● THE DATA:
= Beginning of Section =
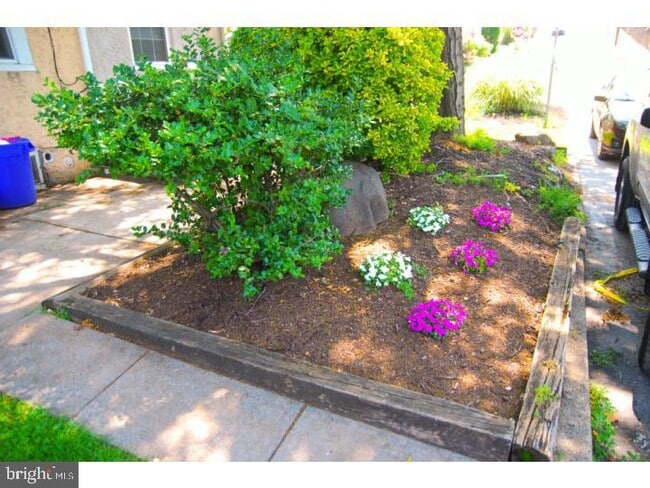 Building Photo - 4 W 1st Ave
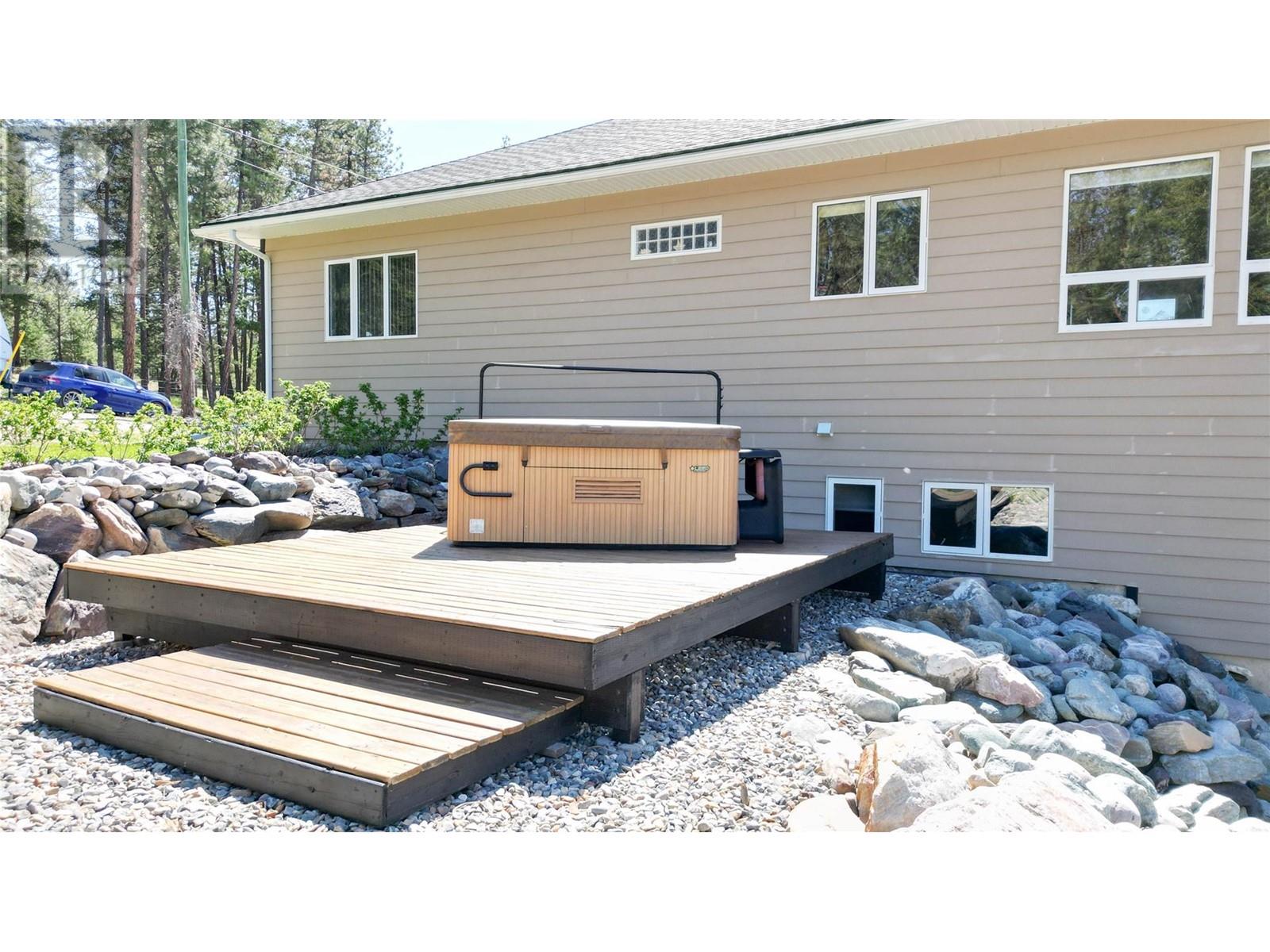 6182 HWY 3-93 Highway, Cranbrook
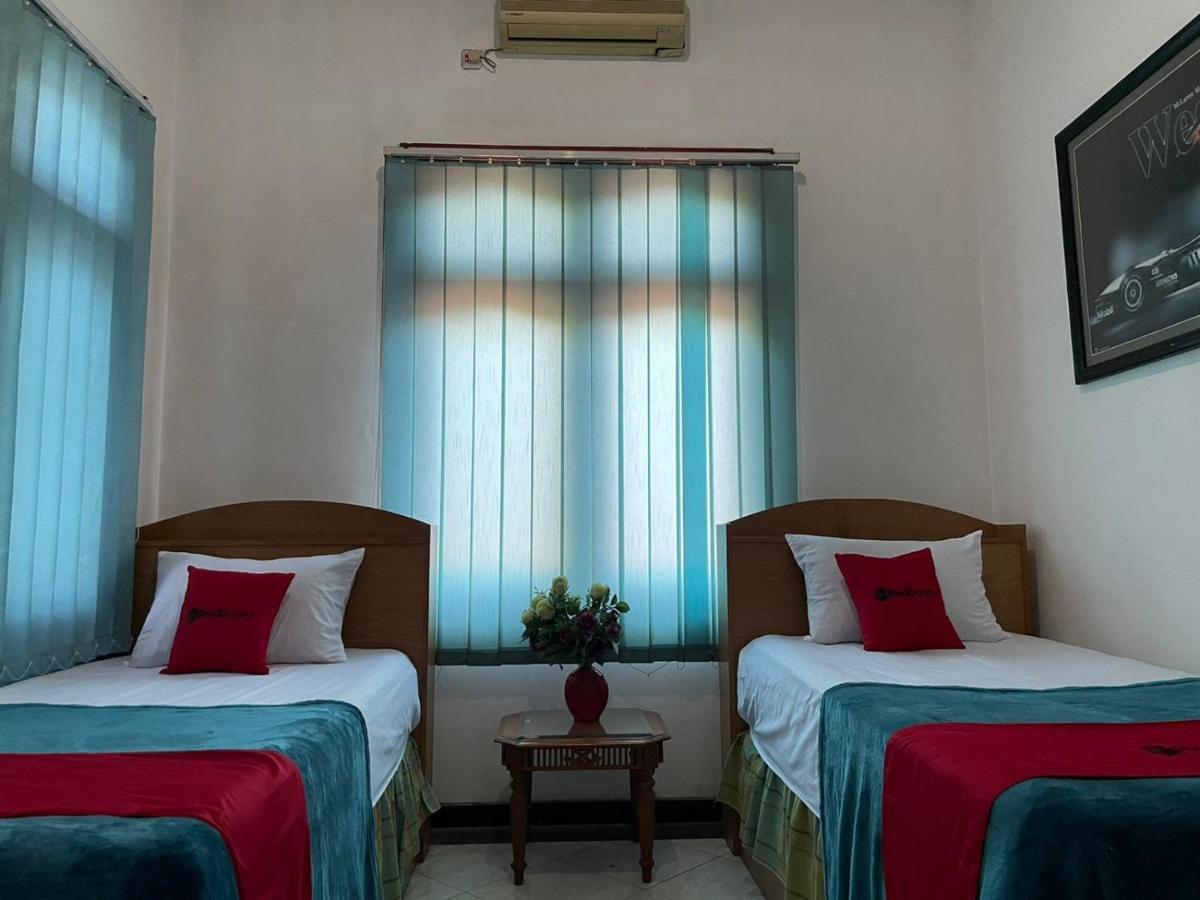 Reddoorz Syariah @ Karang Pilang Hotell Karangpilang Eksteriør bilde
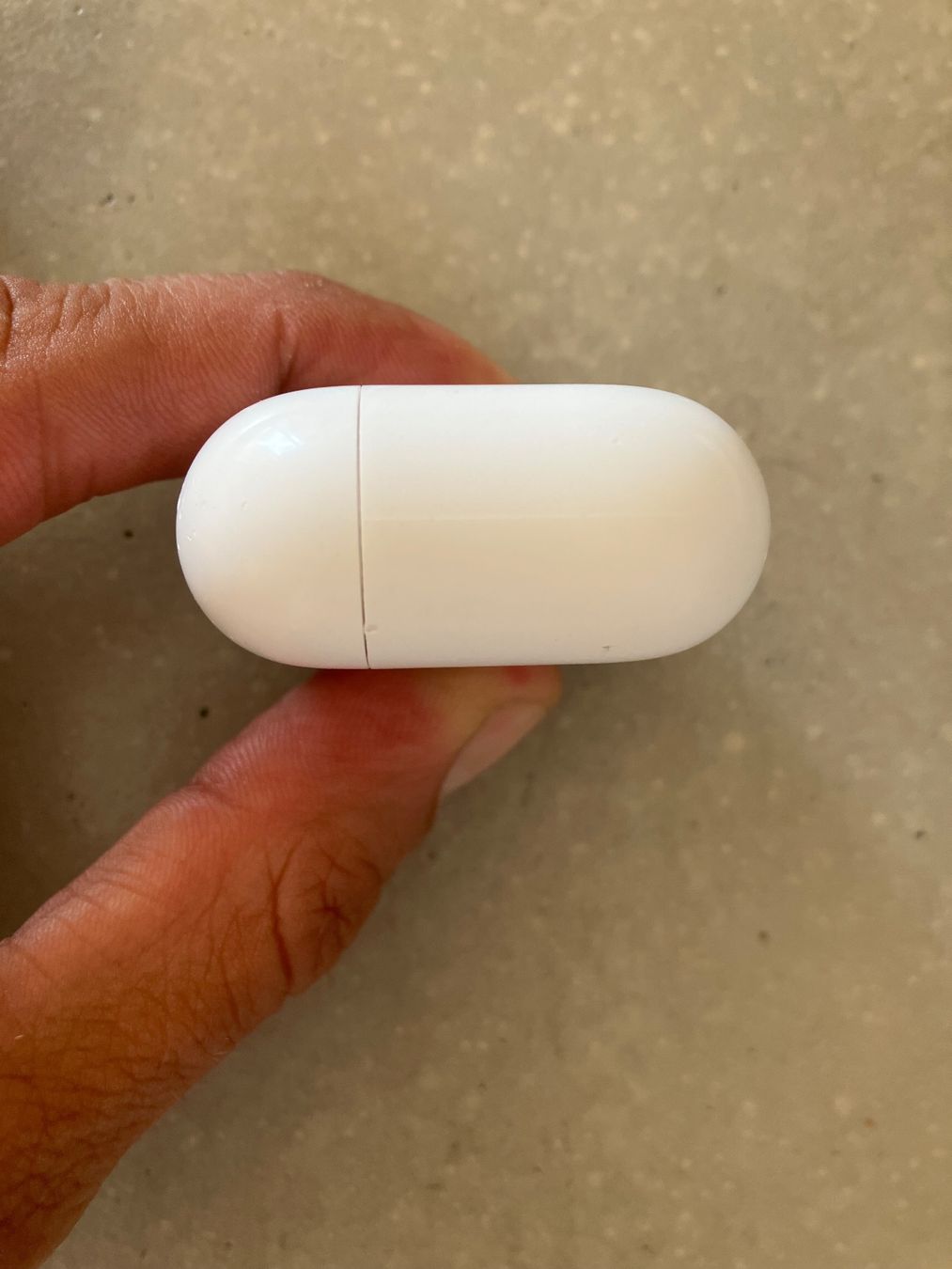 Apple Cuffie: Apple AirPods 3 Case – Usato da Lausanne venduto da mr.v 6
= End of Section =
= Beginning of Section =
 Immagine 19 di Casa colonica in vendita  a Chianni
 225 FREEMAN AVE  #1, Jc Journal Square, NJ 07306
= End of Section =
= Beginning of Section =
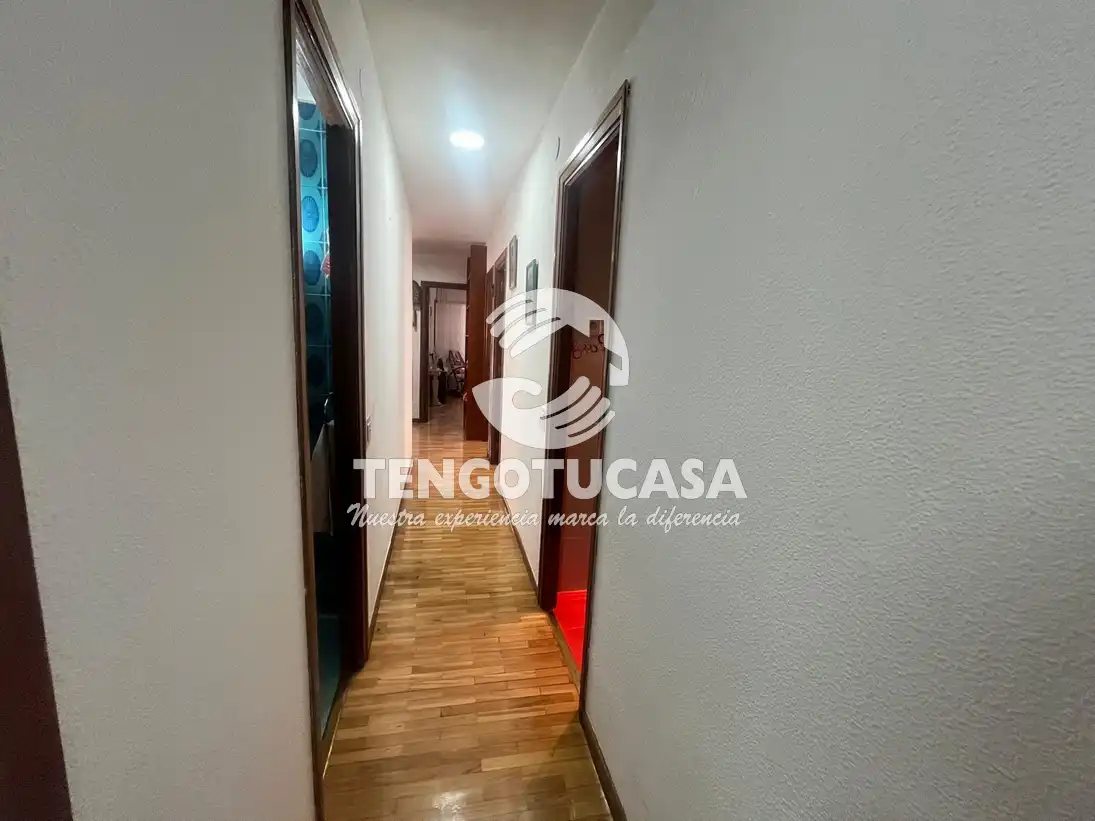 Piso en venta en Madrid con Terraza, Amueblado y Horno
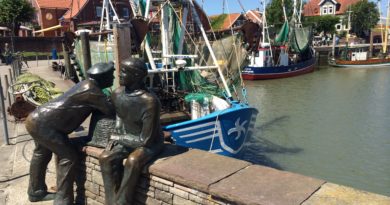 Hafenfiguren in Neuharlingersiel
= End of Section =
● TO DO:
Would you copy out, exactly and with no pictures, only the lines above from the one that contains "Building Photo - 4 W 1st Ave" through the one that contains "Apple Cuffie: Apple"?

● TASK OUTPUT:
 Building Photo - 4 W 1st Ave
 6182 HWY 3-93 Highway, Cranbrook
 Reddoorz Syariah @ Karang Pilang Hotell Karangpilang Eksteriør bilde
 Apple Cuffie: Apple AirPods 3 Case – Usato da Lausanne venduto da mr.v 6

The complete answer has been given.